• What you need to do: Find the line containing "Sandhill cranes (Grus" in the records below. Copy exactly that line and each one after it, ending at the line containing "Septoria cerasina image", and nothing more.

• Source data:
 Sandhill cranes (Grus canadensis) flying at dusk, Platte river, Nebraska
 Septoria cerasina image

* * *

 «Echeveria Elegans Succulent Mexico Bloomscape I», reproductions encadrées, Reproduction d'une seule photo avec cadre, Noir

--

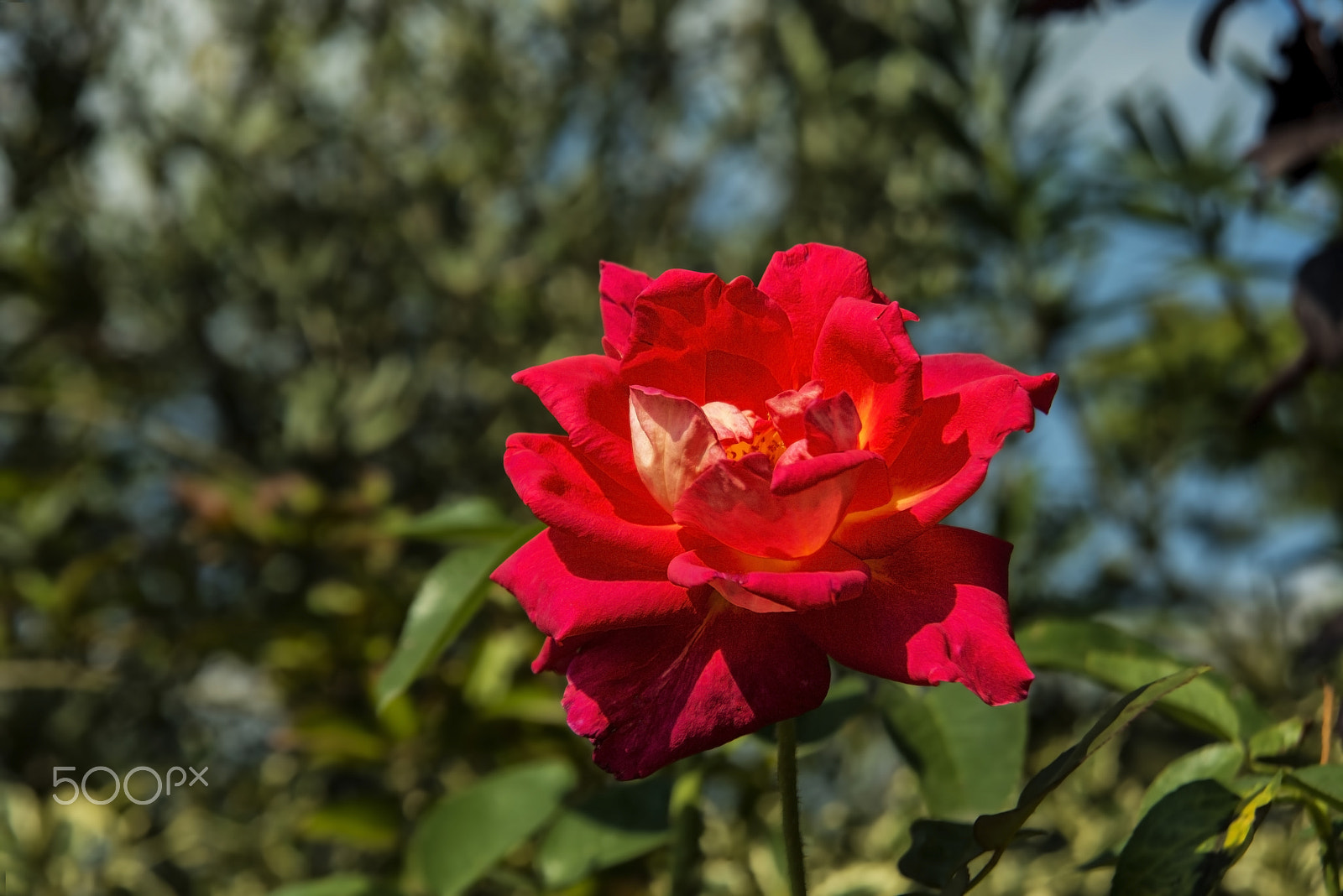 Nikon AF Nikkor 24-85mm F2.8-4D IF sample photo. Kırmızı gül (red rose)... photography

• Reply to the exercise:
 Sandhill cranes (Grus canadensis) flying at dusk, Platte river, Nebraska
 Septoria cerasina image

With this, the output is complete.